(Dataset entries)
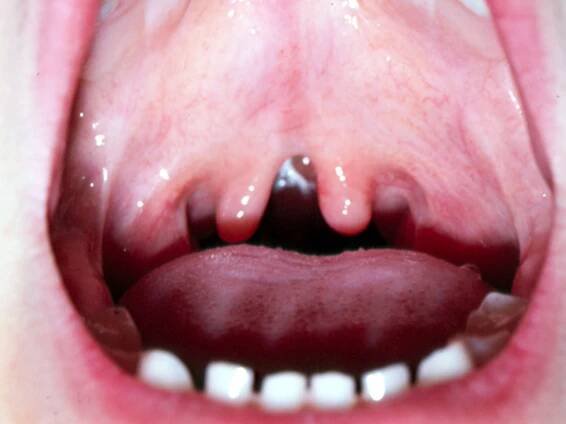 Submucous Cleft Palate | Hellenic Craniofacial Center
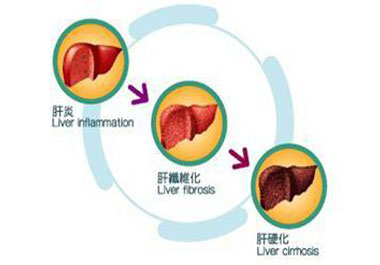 乙肝传染的五个途径及预防方法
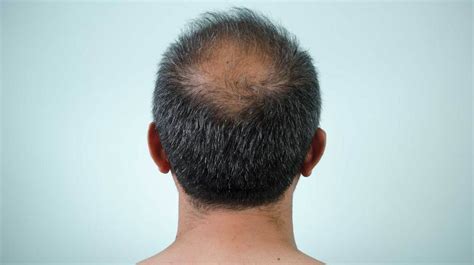 Conclusion on best balding clippers for black hair. Scalp Conditions: Pictures, Causes, and Treatments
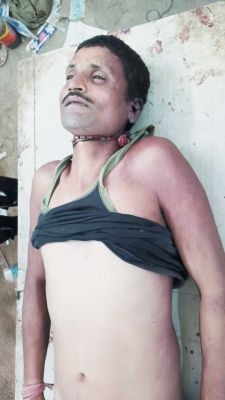 सर्प दंश से युवक की मौत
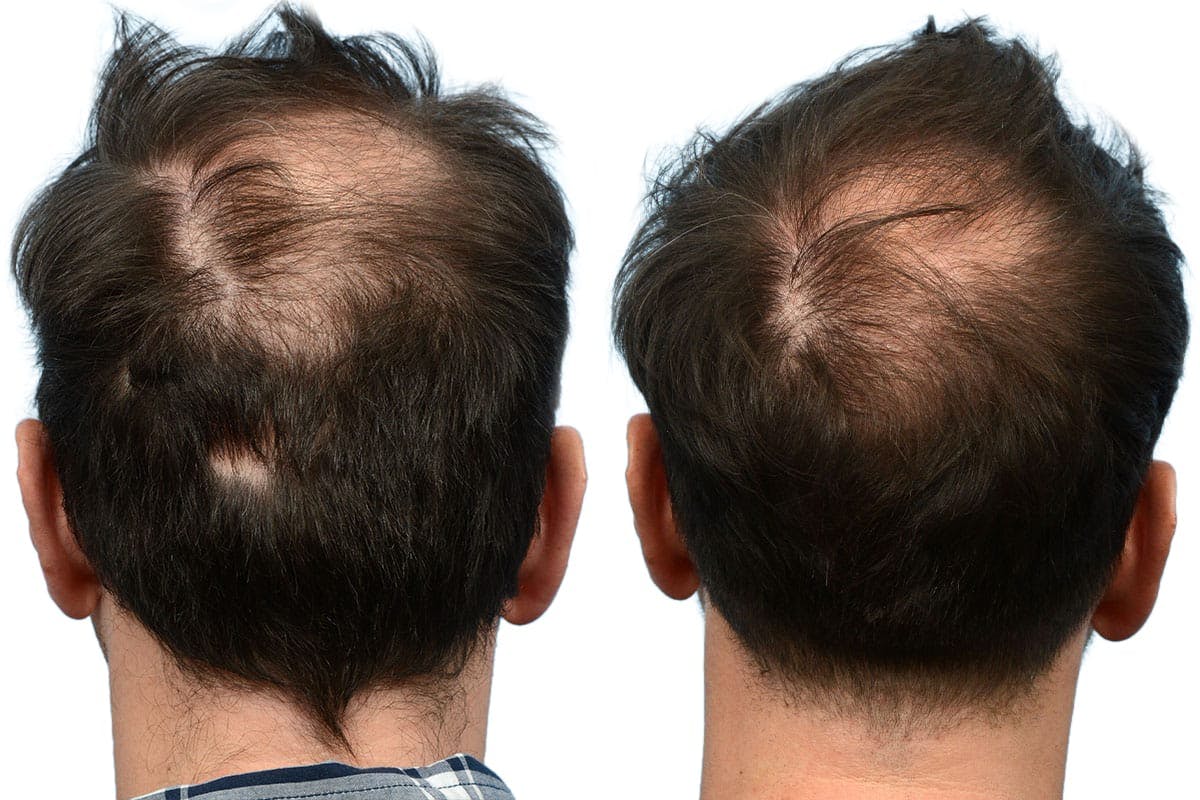 Hair Restoration Before & After Gallery - Patient 110102 - Image 3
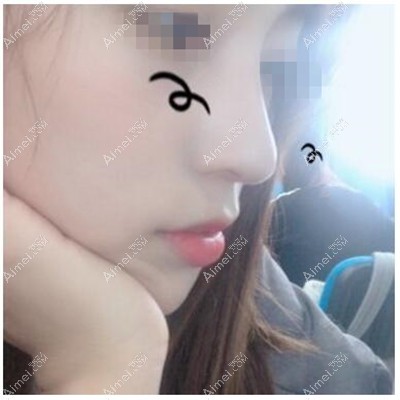 鼻综合术后2个月 鼻综合术后2个月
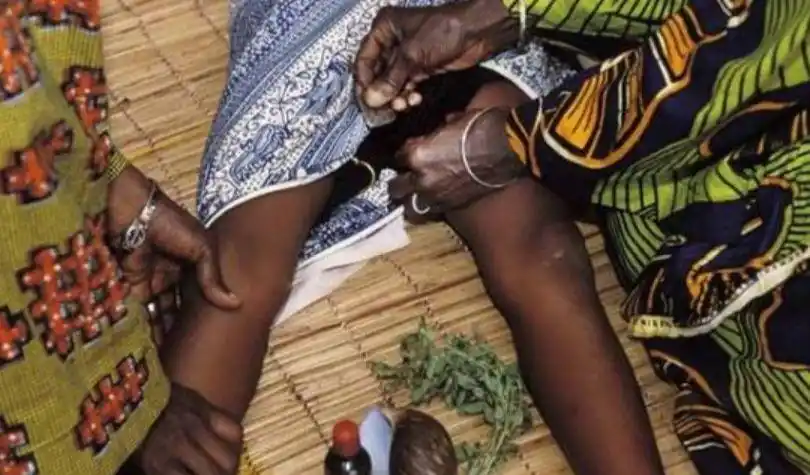 割礼,是一种宗教仪式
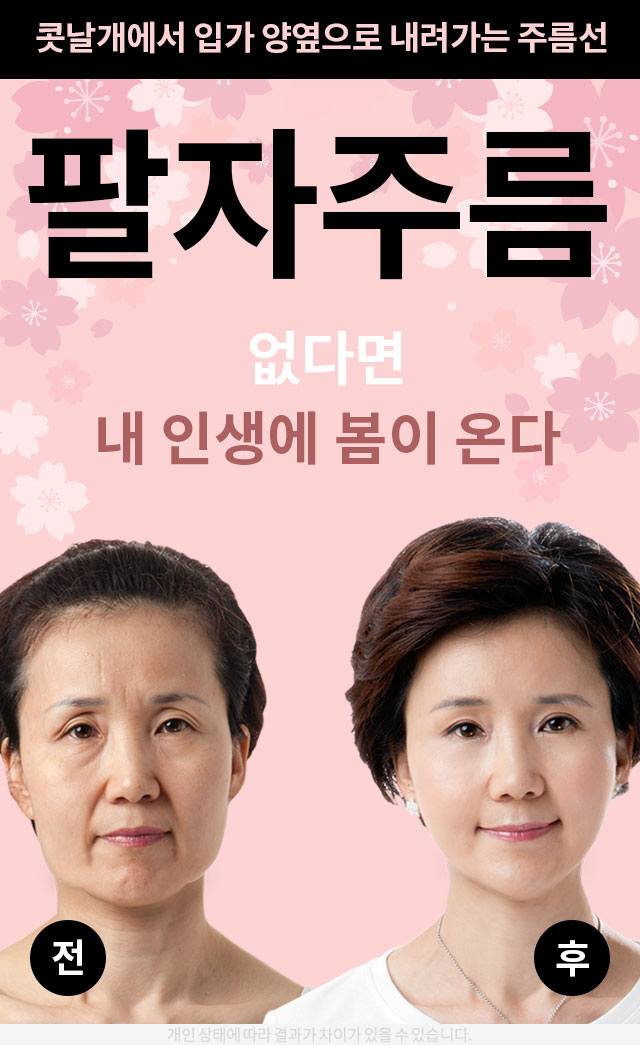 "SMAS Facelift" to Firmly Restore Sagging Jowls and Nasolabial Folds image 2
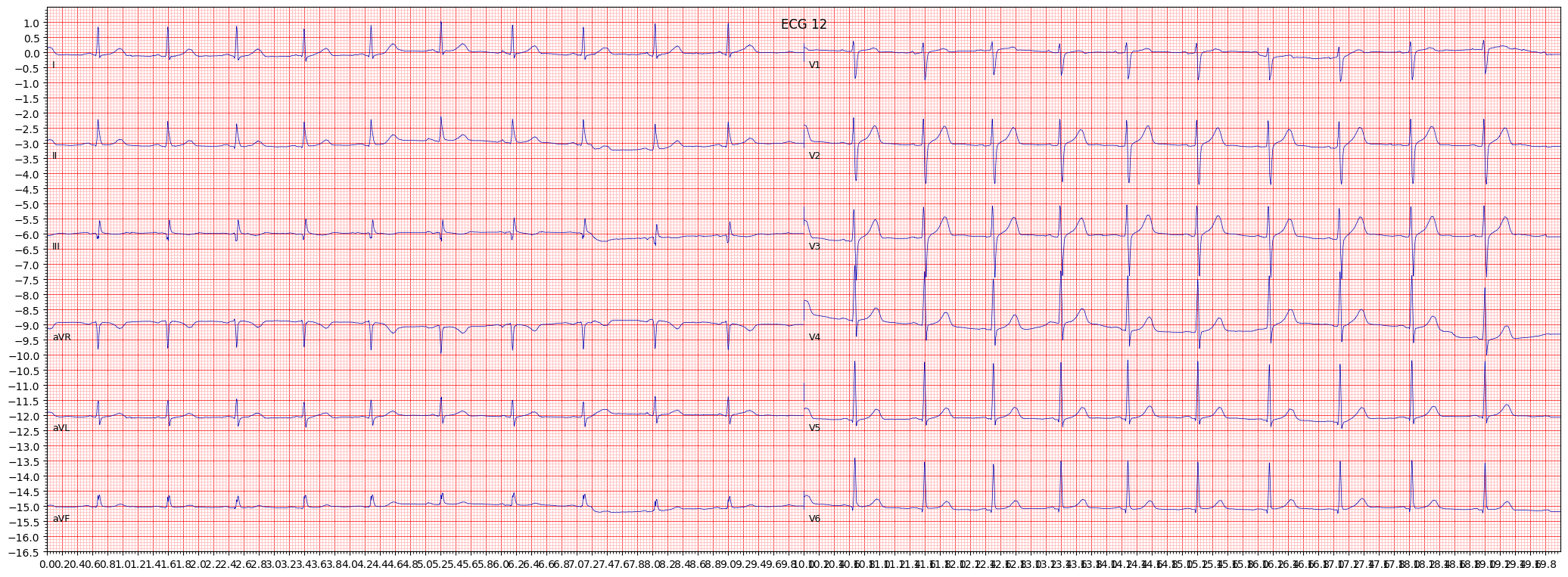 ECG example image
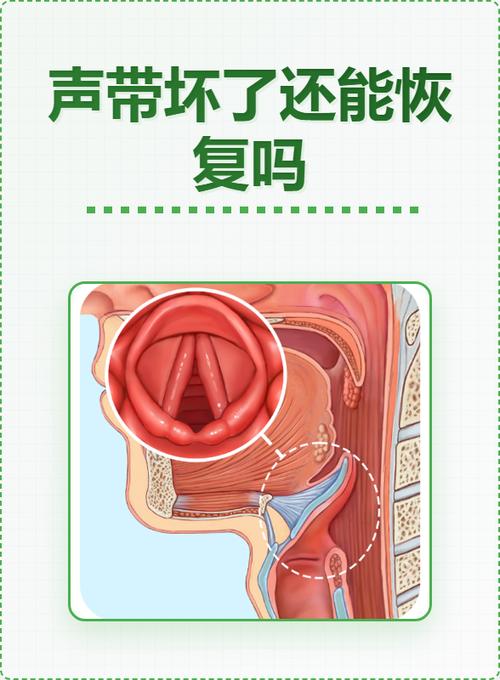 如何判断声带受损了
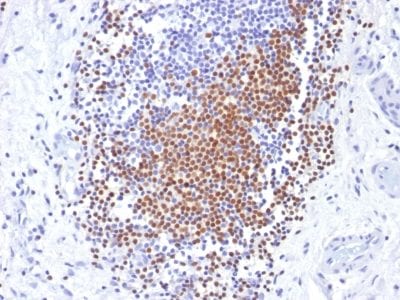 Formalin-fixed paraffin-embedded human Urothelial Carcinoma stained with PAX8 Mouse Monoclonal Antibody (PAX8/1492).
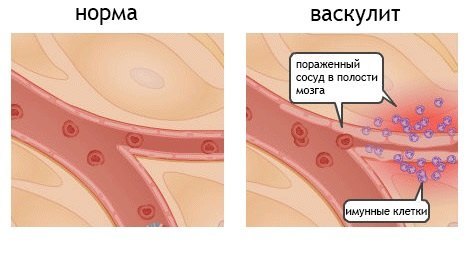 Васкулит - симптомы, причины и лечение ( фото)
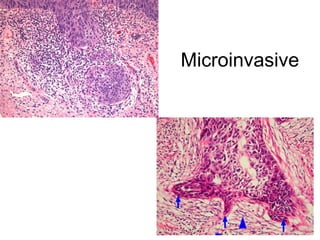 Microinvasive
 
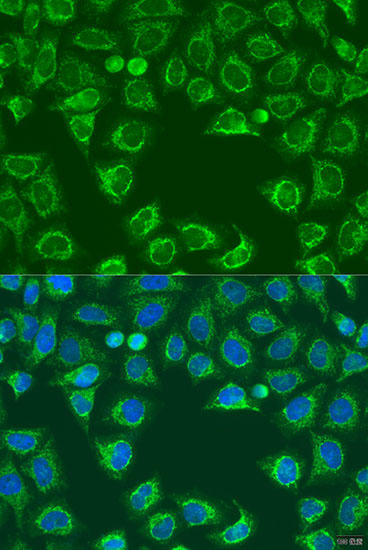 Anti-ALG2 Antibody (CAB15203)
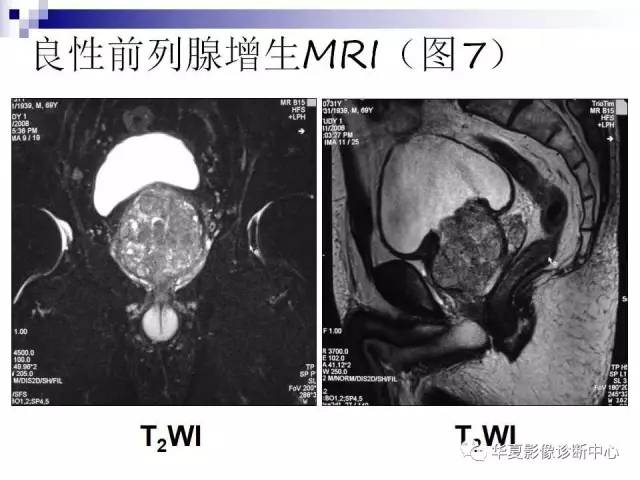 【PPT】前列腺癌的MRI诊断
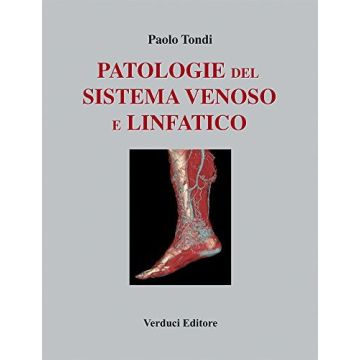 Patologie del Sistema Venoso e Linfatico    [Tondi  - Verduci Editore]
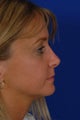 Revision rhinoplasty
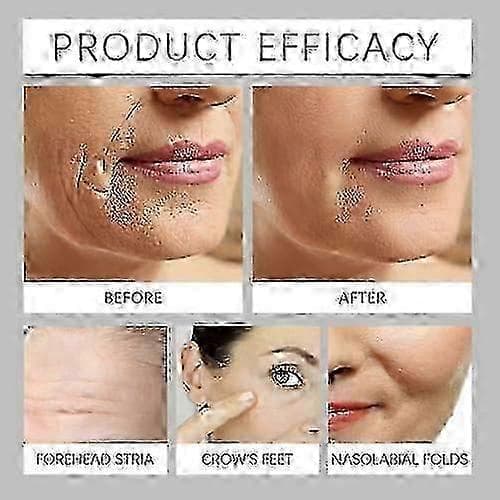 Botoxin Bliss Elixir Anti-Aging Serum, 30ml Anti-Aging Oppstrammende Serum, Reduserer Fine Linjer og Rynker Ny Ankomst S04 2Pcs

> PROBLEM DETAILS:
Omit the pictures. Write out exactly the lines from the one containing "Conclusion on best" through the last line of the entries, both of them included.

> TASK RESULT:
 Conclusion on best balding clippers for black hair. Scalp Conditions: Pictures, Causes, and Treatments
 सर्प दंश से युवक की मौत
 Hair Restoration Before & After Gallery - Patient 110102 - Image 3
 鼻综合术后2个月 鼻综合术后2个月
 割礼,是一种宗教仪式
 "SMAS Facelift" to Firmly Restore Sagging Jowls and Nasolabial Folds image 2
 ECG example image
 如何判断声带受损了
 Formalin-fixed paraffin-embedded human Urothelial Carcinoma stained with PAX8 Mouse Monoclonal Antibody (PAX8/1492).
 Васкулит - симптомы, причины и лечение ( фото)
 Microinvasive
 
 Anti-ALG2 Antibody (CAB15203)
 【PPT】前列腺癌的MRI诊断
 Patologie del Sistema Venoso e Linfatico    [Tondi  - Verduci Editore]
 Revision rhinoplasty
 Botoxin Bliss Elixir Anti-Aging Serum, 30ml Anti-Aging Oppstrammende Serum, Reduserer Fine Linjer og Rynker Ny Ankomst S04 2Pcs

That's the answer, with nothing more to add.